WHAT YOU HAVE TO DO
From the line that contains "Load image into" down to the final line below, please repeat each line exactly and nothing more, with no pictures.

SUPPLIED MATERIAL
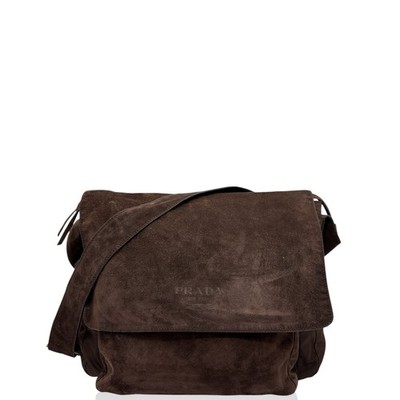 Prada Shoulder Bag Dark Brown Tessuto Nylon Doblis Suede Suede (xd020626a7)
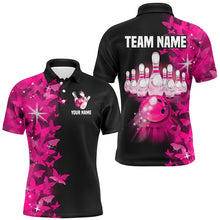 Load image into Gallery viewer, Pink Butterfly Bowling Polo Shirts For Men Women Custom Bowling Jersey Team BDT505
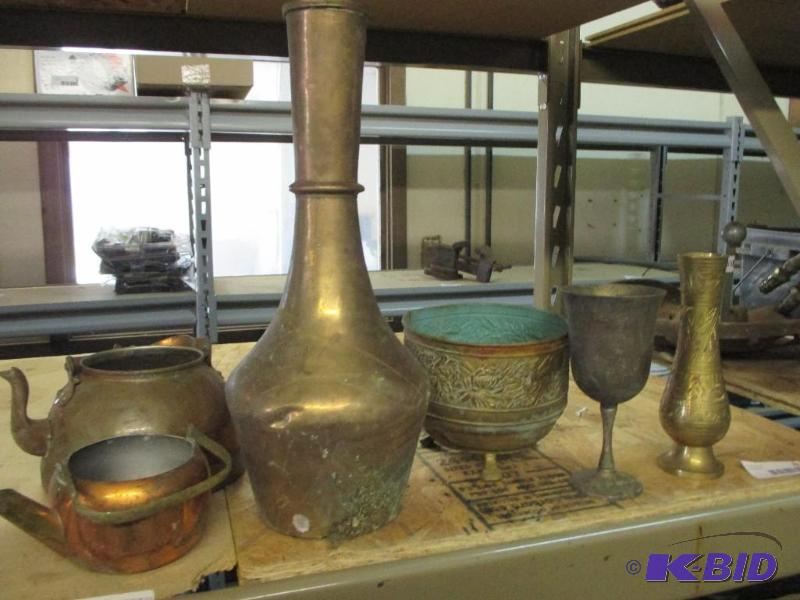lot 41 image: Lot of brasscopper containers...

RESPONSE AREA
 Load image into Gallery viewer, Pink Butterfly Bowling Polo Shirts For Men Women Custom Bowling Jersey Team BDT505
lot 41 image: Lot of brasscopper containers...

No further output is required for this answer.